Todd Q. Smart, B.S. '87
Alumni Entrepreneur of the Year - 1998
Absolute Towing and Transporting, Inc.

What kind of business did the entrepreneur start?

Wrecked and illegally stripped automobiles deemed a "total-loss" by insurance companies are a total profit for the insurance salvage industry. This $3 billion industry comprised of companies who purchase both reparable and irreparable vehicles and sell them to the public. The buyer then repairs and sells the car or strips the car and sells the individual parts.

Absolute Towing and Transporting ("Absolute") provides the service that transports the total-loss vehicle from its current location (i.e., body shop, residence, accident scene, etc.) to the site of the public sell. Absolute, founded by Todd Q. Smart in 1987 with one tow truck, currently operates 45 trucks and earns annual revenues of $4 million.
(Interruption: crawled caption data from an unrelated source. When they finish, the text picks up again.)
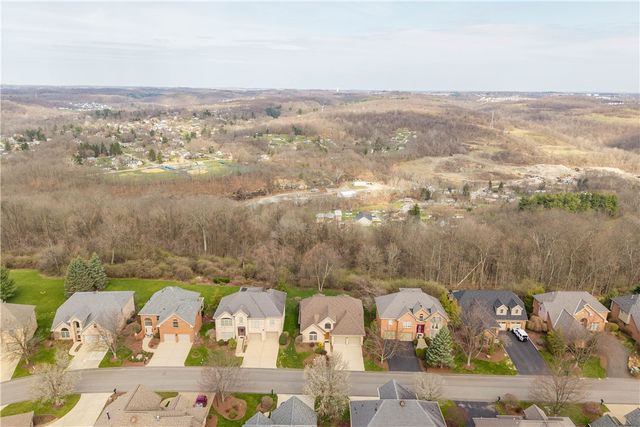 3040 Annandale Dr, Collier Twp, PA 15142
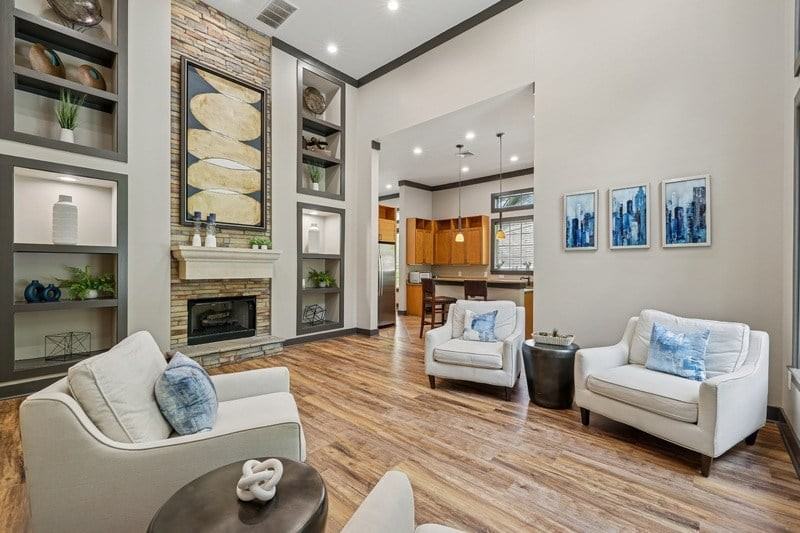 Anderson at Clairmont - Photo 7 of 29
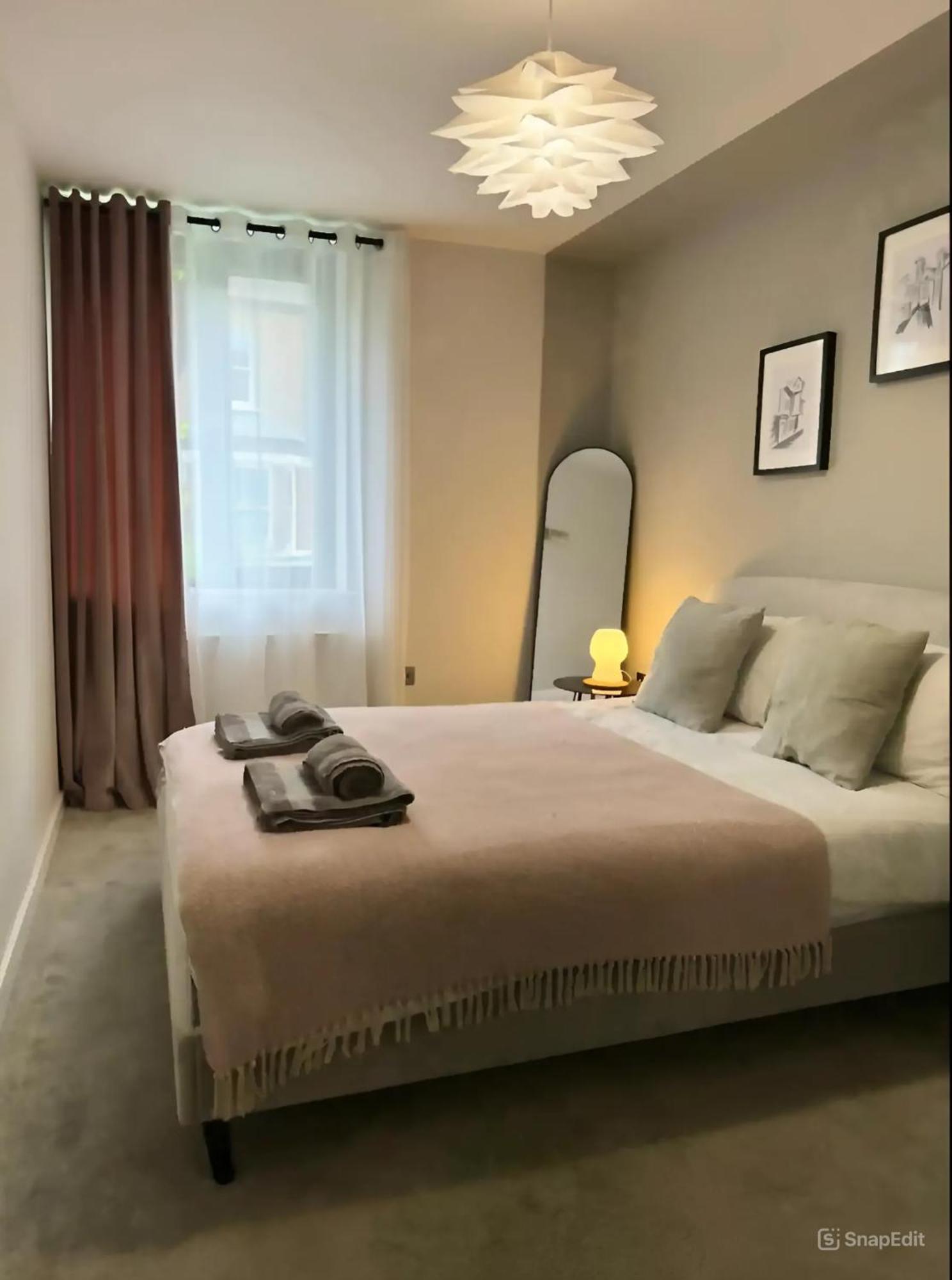 Modern Apartment In Central Quiet York With Free Parking - Contemporary New Building Bagian luar foto
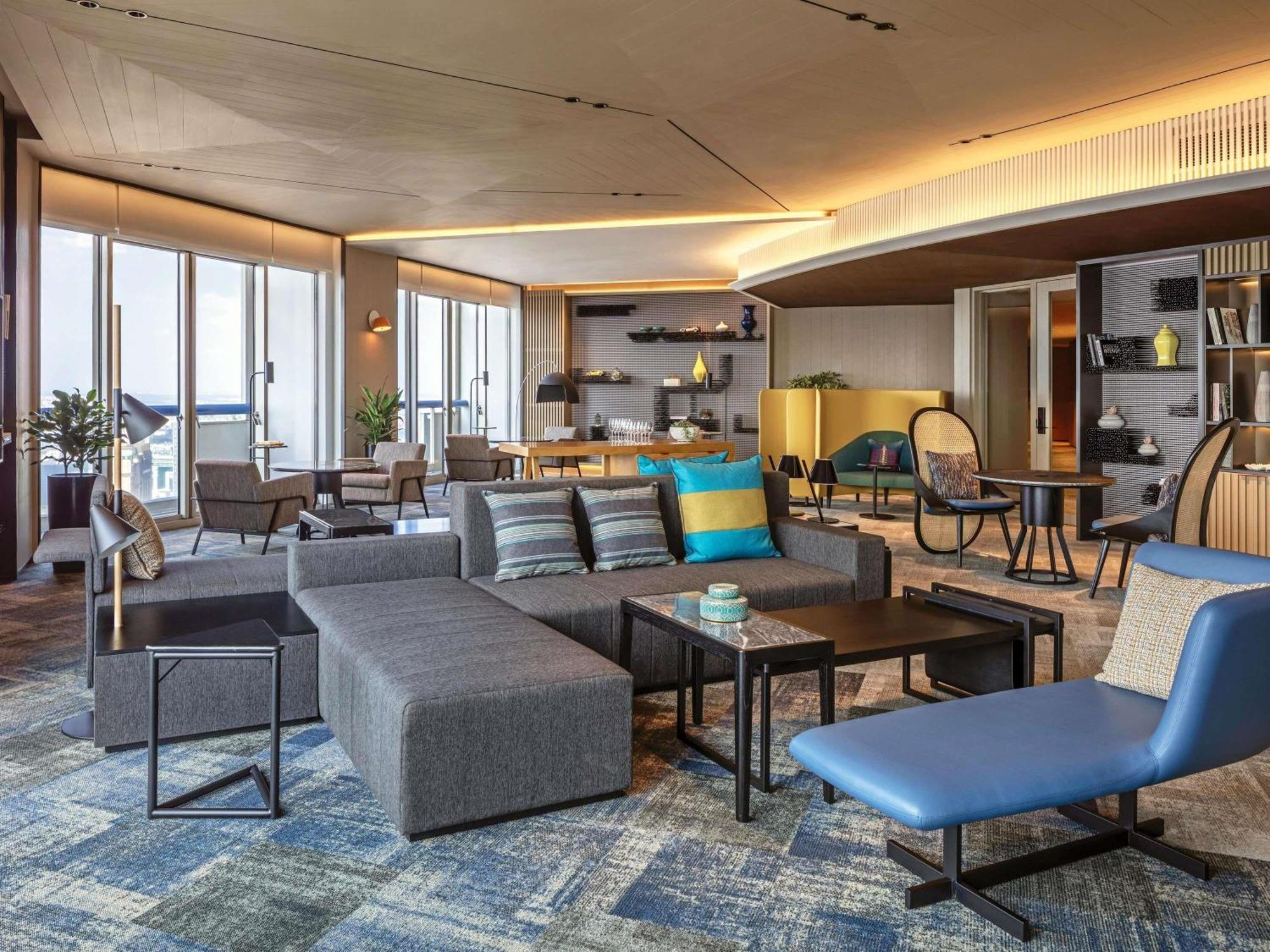 Crest King Suite Marina Bay View High Floor Lounge Access Two Balconies,1746827808:JPEG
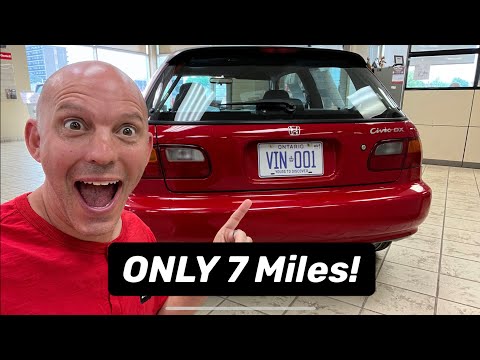 I Found the 1st Honda Civic EG Hatchback VIN 0001 &amp; with ONLY 7 Miles!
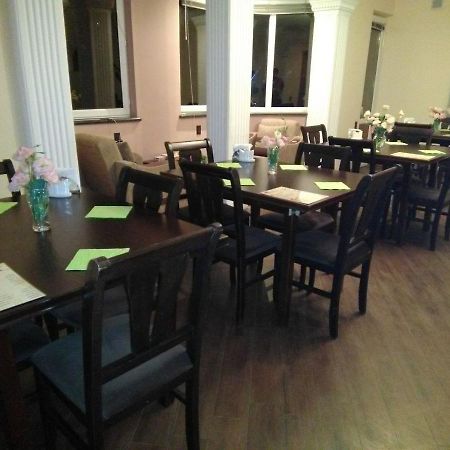 יירבאן Gem Hostel מראה חיצוני תמונה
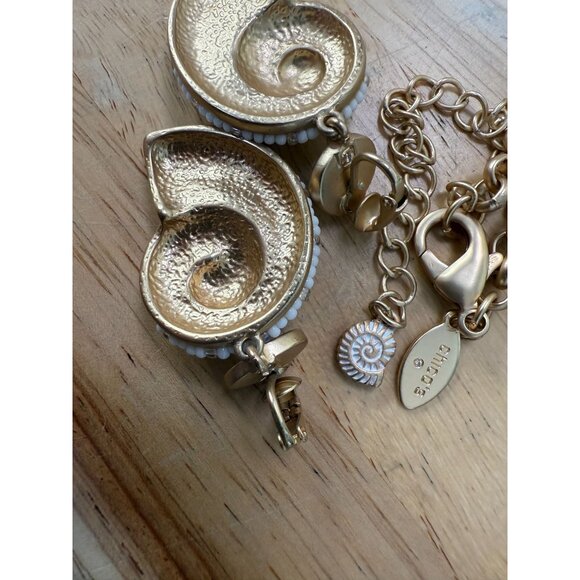 Layered White Gold Shell Charm Necklace Statement Earrings Set, Beach, Coastal - Picture 9 of 9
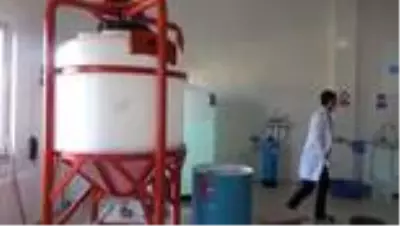 Kimya öğretmenleri günde 6 ton dezenfektan üretiyor Kimya öğretmenleri günde 6 ton dezenfektan üretiyor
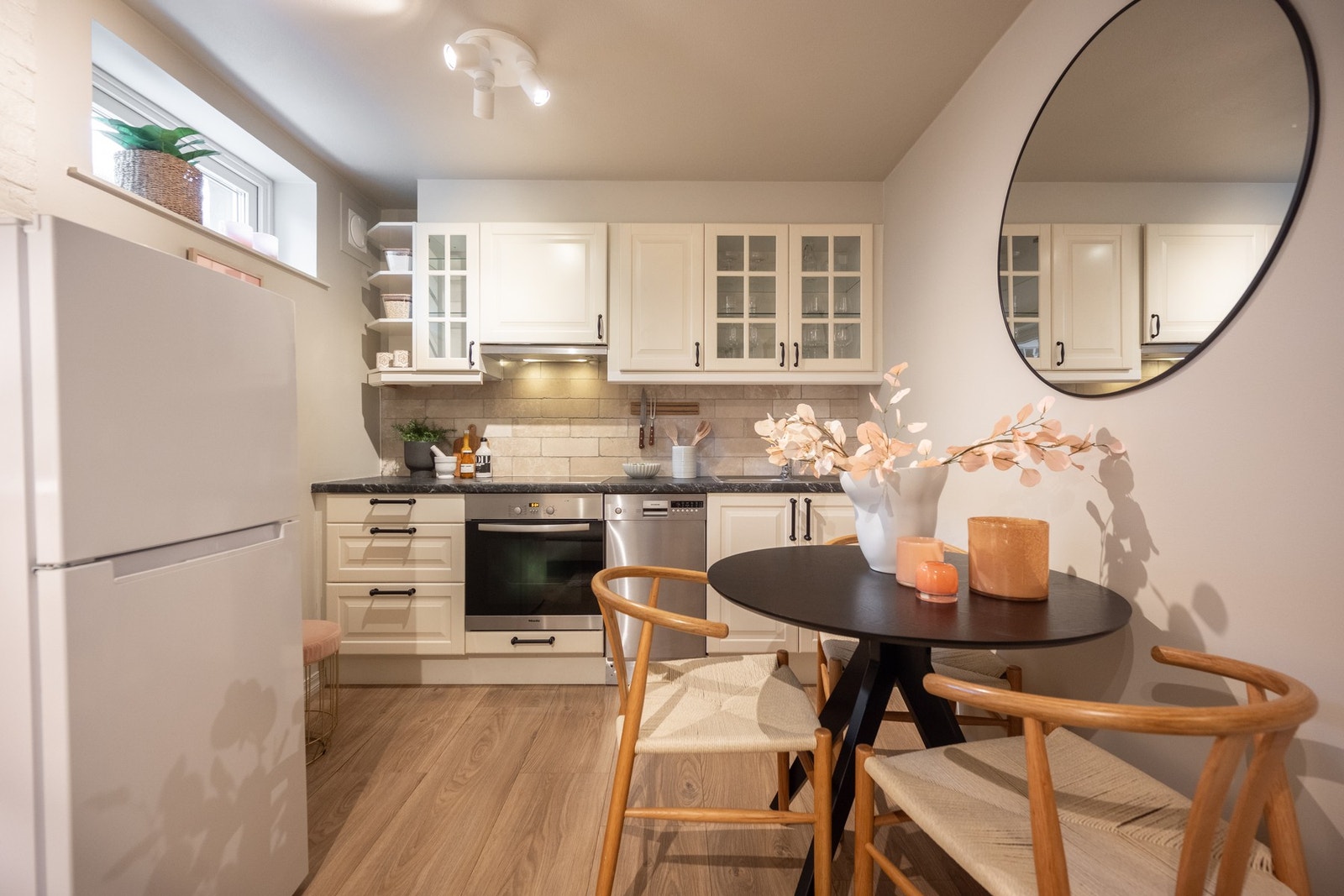 Her har åpen kjøkkenløsning mot stue for maksimal utnyttelse av rommet. Galleribilde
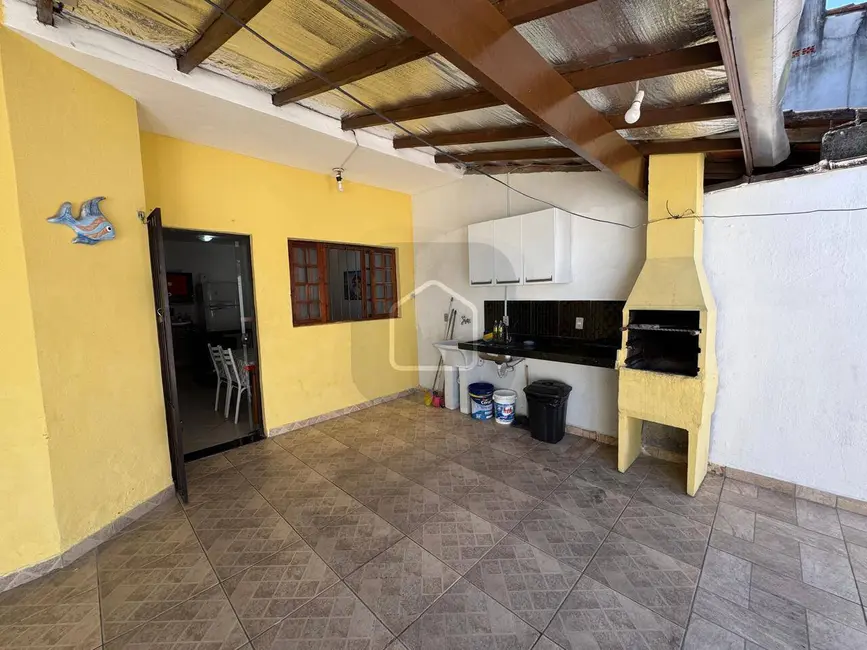 Foto 5 de Casa com 2 quartos para alugar em Martim de Sá, Caraguatatuba - SP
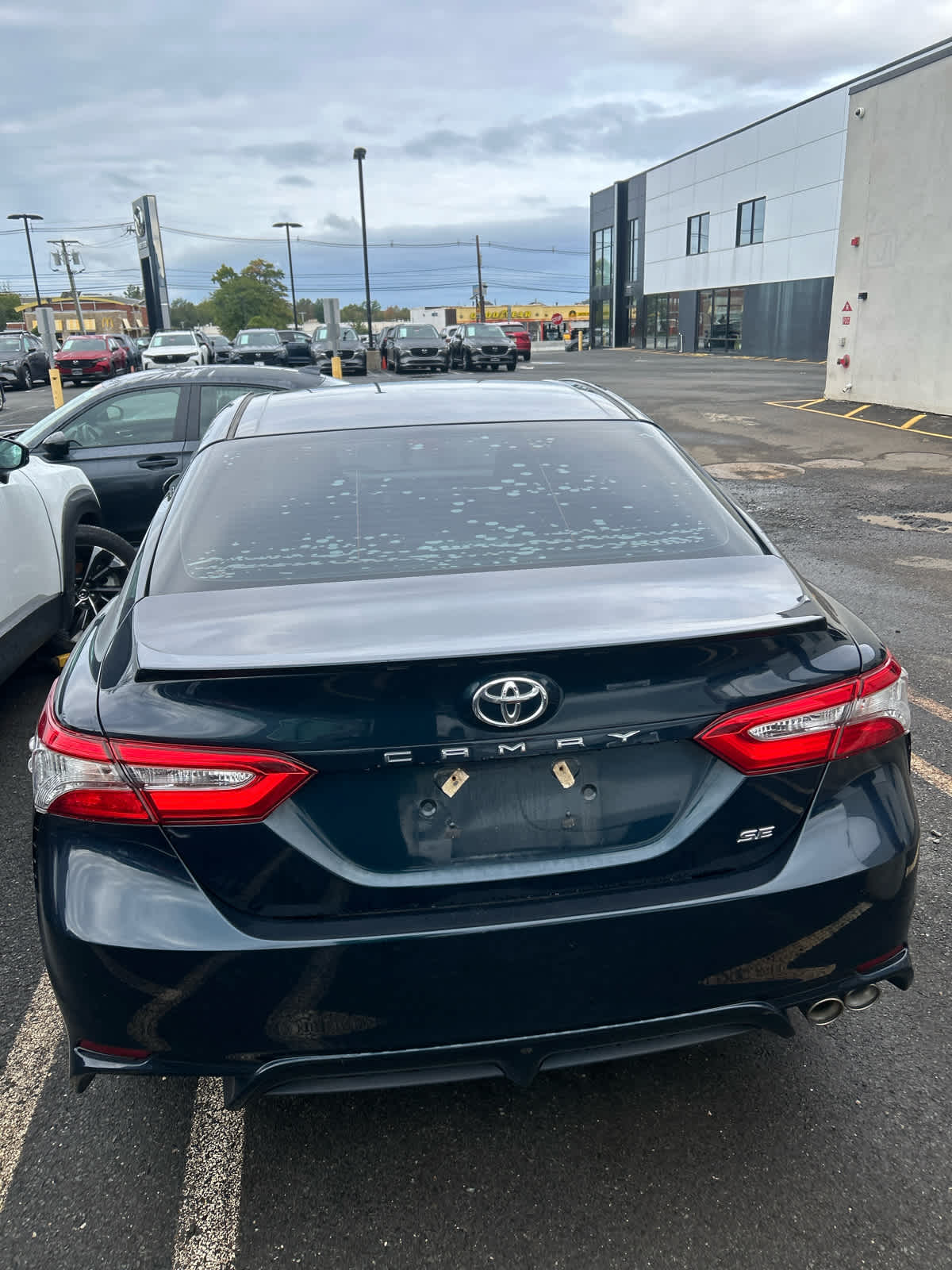 2018 Toyota Camry SE Auto
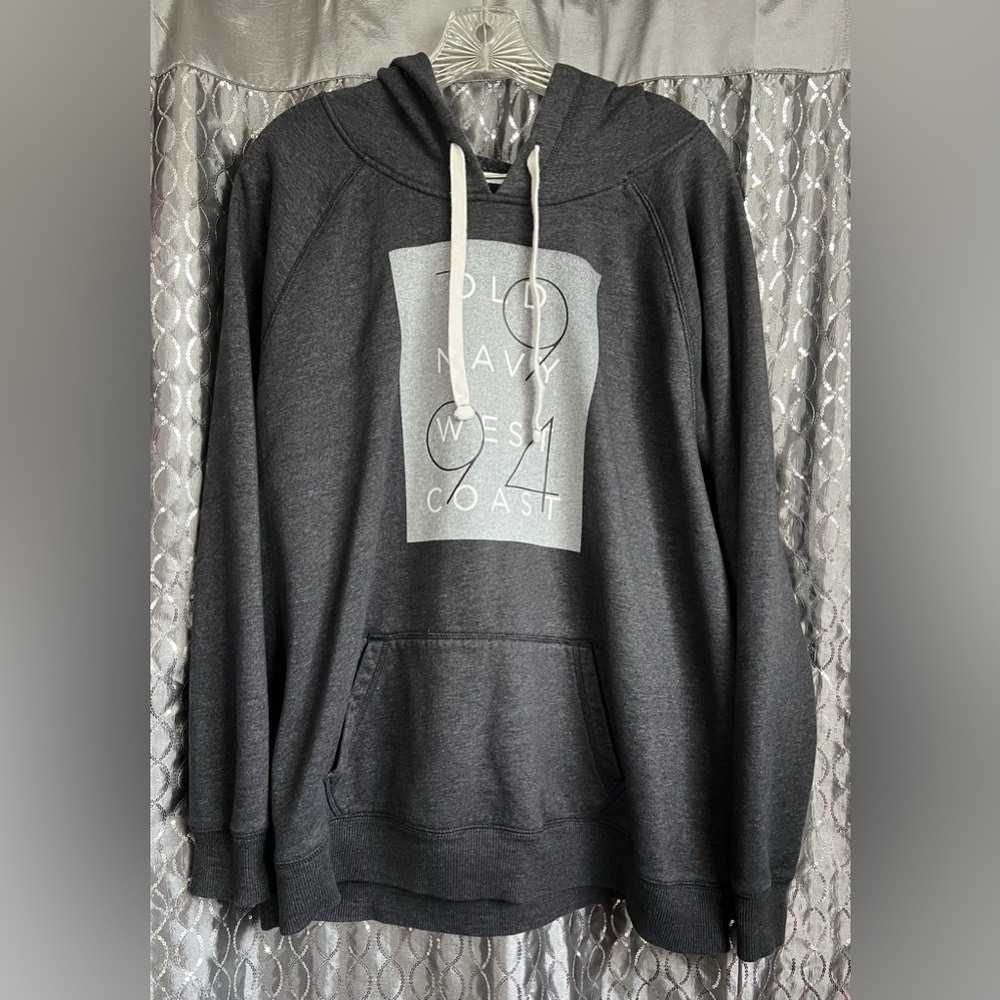 Women’s Old Navy Graphic Hoodie Size XXL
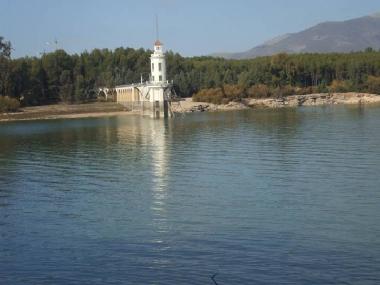 Maison de vacances �/en/au Iznalloz (Granada)ou appartement ou maison de vacances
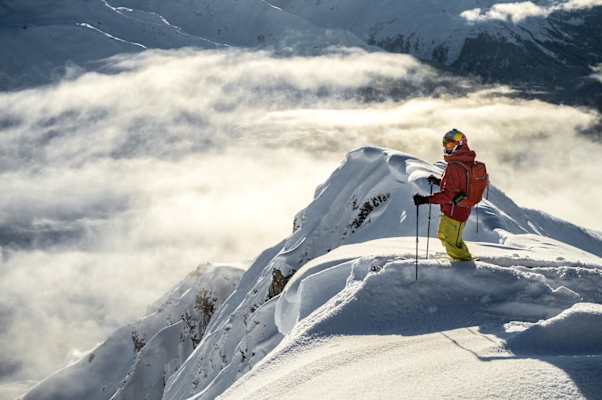 „Nadine Wallner – Tiefschnee am Arlberg“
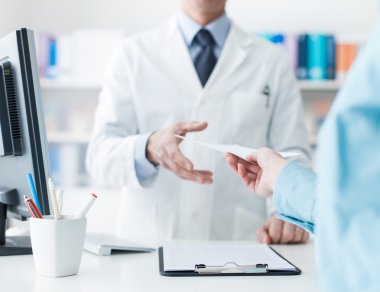 Tıbbi reçete veren müşteri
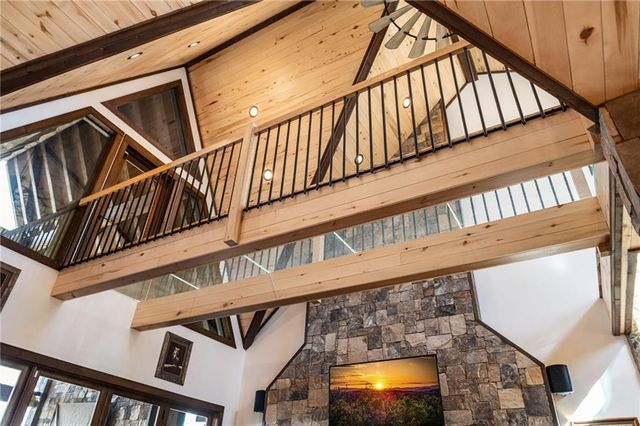 520 Overlook Drive, Blue Ridge, GA 30513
One of the major players in the insurance salvage industry, Insurance Auto Auctions (IAA), is a primary customer of Absolute. IAA, an Illinois-based firm, was founded in 1982 and auctions vehicles at the 46 facilities it has acquired around the country. Capitalizing on this highly fragmented industry, IAA has purchased many of the smaller salvage companies thereby fueling its tremendous growth. In Southern California, Absolute handles 100% of IAA's transporting needs.

Todd Smart has successfully differentiated Absolute by offering superior customer service. The traditional towing companies typically show no respect for their customers and transport cars at their own convenience without consideration for the time constraints or other obligations of the customer. Todd saw his competition’s lack of professionalism as an opportunity for his company to excel by offering outstanding customer service while also remaining a fair and ethical firm. This was a primary factor in Todd’s ability to both gain and further build upon the valuable relationship with IAA.

Todd Smart is the first to admit that perception is more important than reality; therefore, he ensured that the customer perceived quality service, by the look and demeanor of the tow truck driver, before any service had even been provided. Todd replaced the traditional grungy and unkempt tow truck driver with a clean, uniformed and courteous Absolute driver.

In addition to perceptions, quality customer service actions also occur at Absolute. For example, to allow for faster and more efficient order processing, Absolute has set-up a computer network through which the customer may communicate with Absolute. Further, to guarantee the most competent service, Absolute is constantly and consistently upgrading and improving upon its equipment. Overall, Todd recognizes that Absolute does not necessarily tow better than any other company, it merely makes the customer's interaction with Absolute a much more enjoyable one.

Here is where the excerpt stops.